▸ Required work: Find the line that contains "this 470×264 image." in the entries below. Restate it and every line after it, word for word, with no pictures.
━━━━━ Data ━━━━━
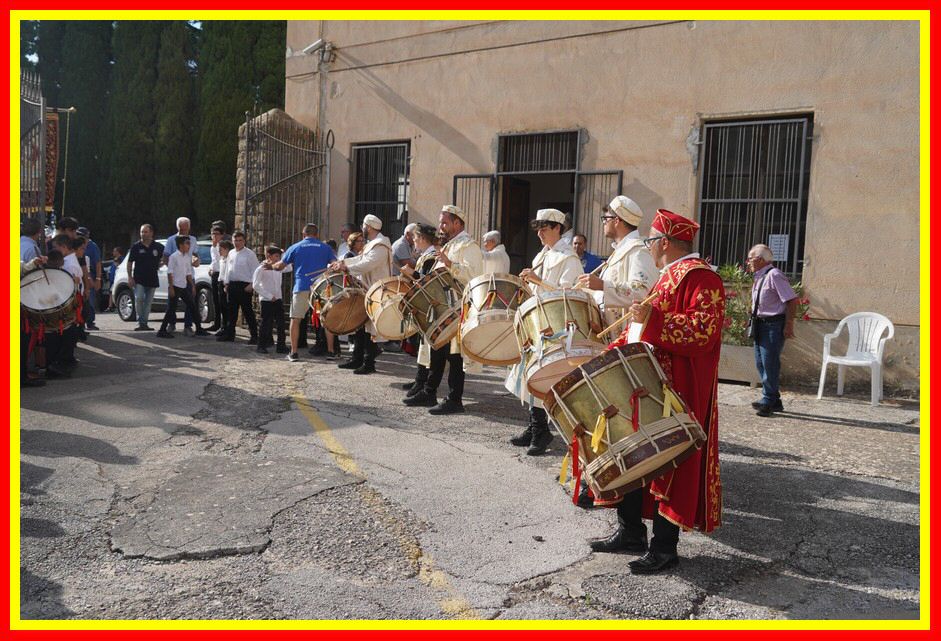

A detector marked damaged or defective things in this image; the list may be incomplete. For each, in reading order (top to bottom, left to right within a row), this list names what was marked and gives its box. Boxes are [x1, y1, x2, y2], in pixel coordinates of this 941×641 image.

cracked asphalt [20, 312, 916, 616]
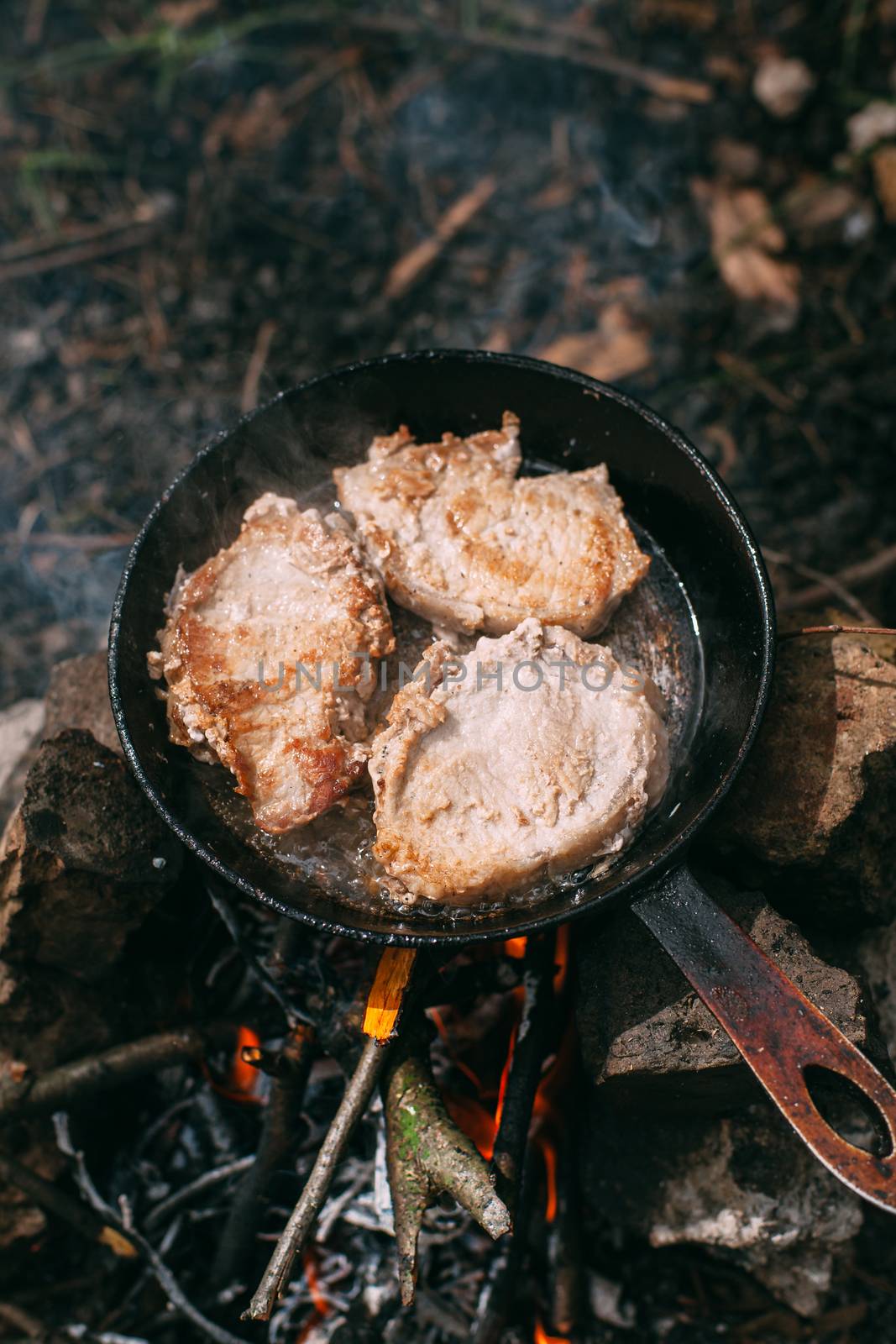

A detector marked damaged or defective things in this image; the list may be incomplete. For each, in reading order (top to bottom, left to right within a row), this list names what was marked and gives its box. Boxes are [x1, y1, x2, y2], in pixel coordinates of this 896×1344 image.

rusty pan handle [631, 865, 896, 1215]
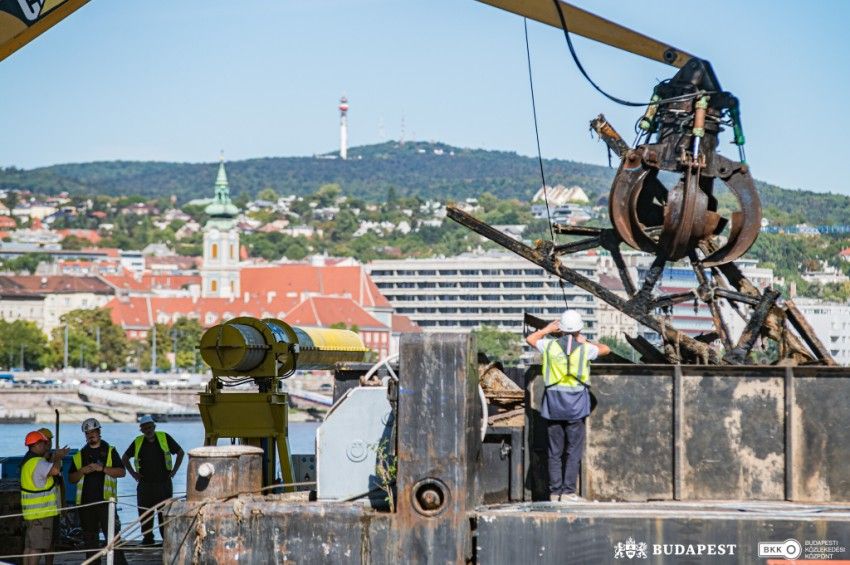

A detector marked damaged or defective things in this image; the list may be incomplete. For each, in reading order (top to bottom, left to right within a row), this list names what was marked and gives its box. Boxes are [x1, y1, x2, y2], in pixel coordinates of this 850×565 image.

rusty barge hull [162, 334, 848, 560]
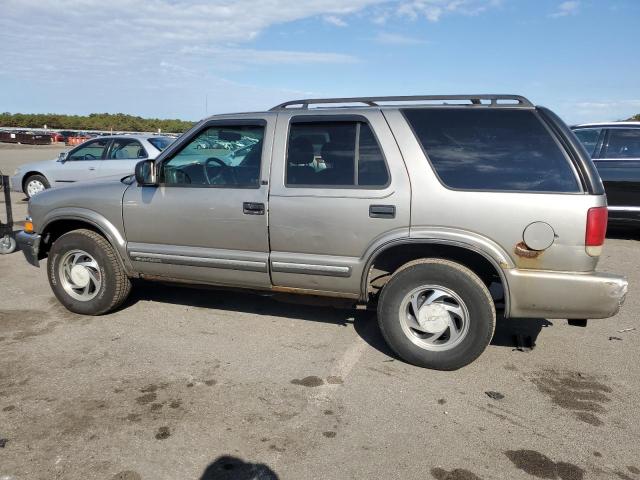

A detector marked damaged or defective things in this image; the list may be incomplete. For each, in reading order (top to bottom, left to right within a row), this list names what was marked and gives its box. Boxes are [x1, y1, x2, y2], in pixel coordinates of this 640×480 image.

cracked asphalt [0, 143, 636, 480]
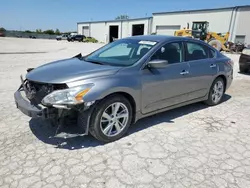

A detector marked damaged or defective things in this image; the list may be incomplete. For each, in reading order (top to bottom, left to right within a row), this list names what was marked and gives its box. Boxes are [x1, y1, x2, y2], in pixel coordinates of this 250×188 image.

damaged front end [14, 68, 94, 138]
broken headlight [41, 83, 94, 105]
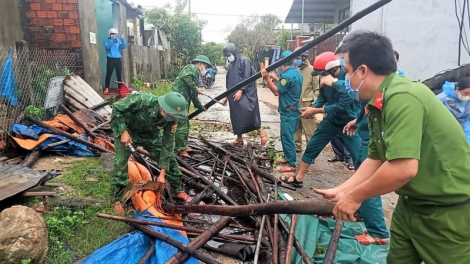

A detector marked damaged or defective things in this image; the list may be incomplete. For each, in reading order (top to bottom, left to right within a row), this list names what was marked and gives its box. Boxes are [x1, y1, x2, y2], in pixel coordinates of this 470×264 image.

rusty sheet metal [63, 75, 113, 120]
rusty sheet metal [420, 64, 470, 95]
rusty sheet metal [0, 161, 58, 202]
broken timber [163, 199, 336, 218]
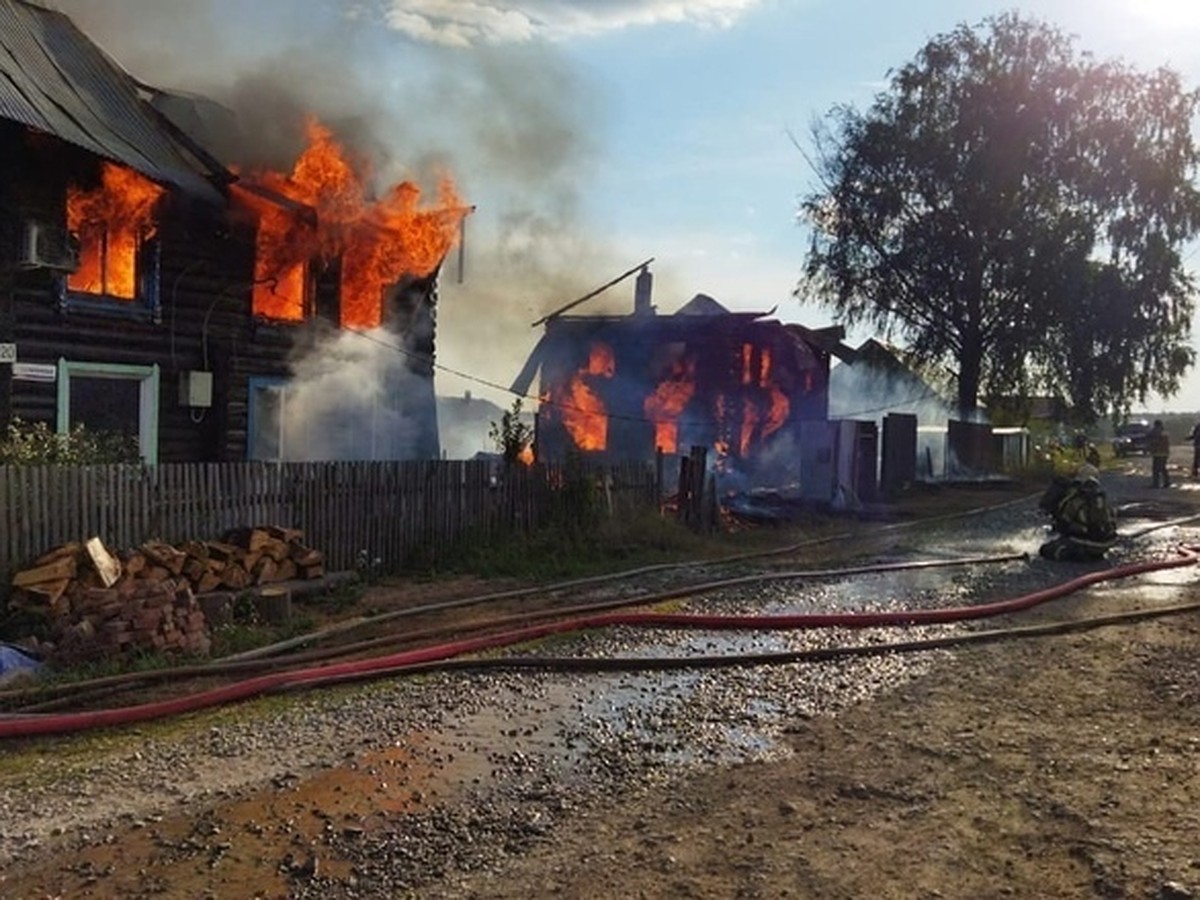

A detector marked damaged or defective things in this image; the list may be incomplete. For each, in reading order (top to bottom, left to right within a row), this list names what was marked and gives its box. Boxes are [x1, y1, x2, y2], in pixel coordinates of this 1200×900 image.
━━━━━
▸ Your solution:
A detector marked damaged or defective things in this image; the list may be incomplete. For each, in reading order (top to bottom, left to right within a row), this list names what was marked and gives its box. Boxes are [x1, y1, x2, y2], in pixel coordinates of this 470×264 image.

rusty sheet metal [63, 75, 113, 120]
rusty sheet metal [420, 64, 470, 95]
rusty sheet metal [0, 161, 58, 202]
broken timber [163, 199, 336, 218]

A detector marked damaged or defective things in this image; the list may be incomplete. For each, in reading order (top to bottom, left to right within a row), this list names what was marked and gives its box. Boxes are [x1, y1, x2, y2], in pixel coordinates of this 1200×900 image.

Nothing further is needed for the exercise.